▶ **Records for the task**:
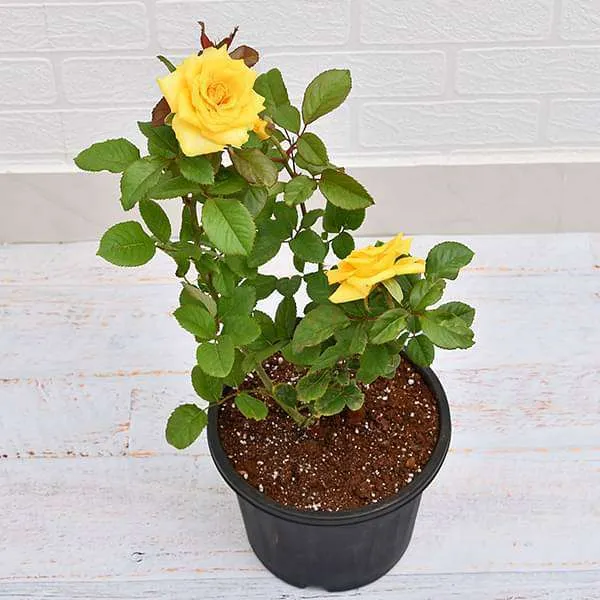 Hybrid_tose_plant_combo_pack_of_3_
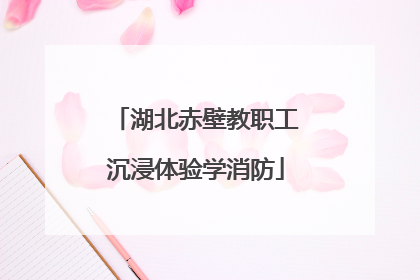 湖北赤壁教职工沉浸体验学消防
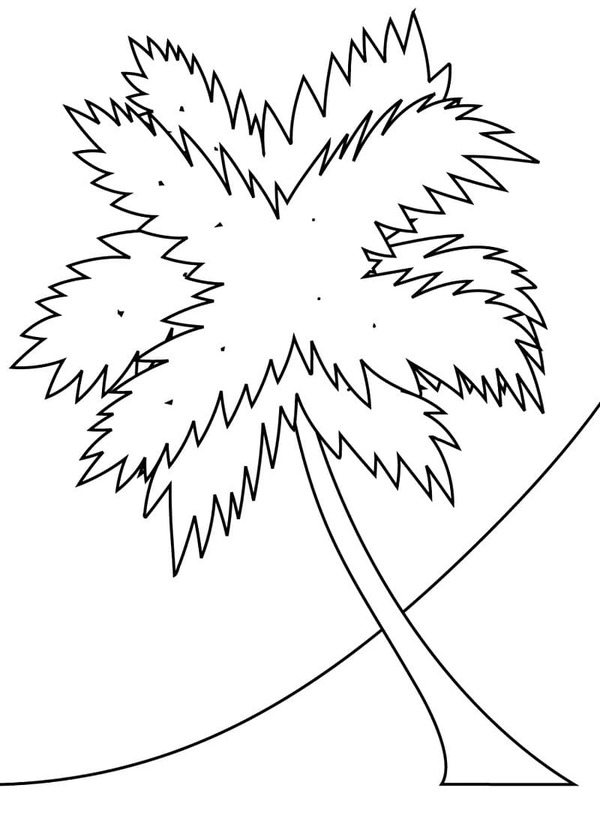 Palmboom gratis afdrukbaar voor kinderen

---

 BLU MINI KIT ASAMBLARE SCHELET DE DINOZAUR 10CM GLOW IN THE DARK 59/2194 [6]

▶ **Directions**:
Starting at the line that contains "Hybrid_tose_plant_combo_pack_of_3_" and ending at the line that contains "Palmboom gratis afdrukbaar voor kinderen", transcribe the material above exactly, excluding pictures.

▶ **Written solution**:
 Hybrid_tose_plant_combo_pack_of_3_
 湖北赤壁教职工沉浸体验学消防
 Palmboom gratis afdrukbaar voor kinderen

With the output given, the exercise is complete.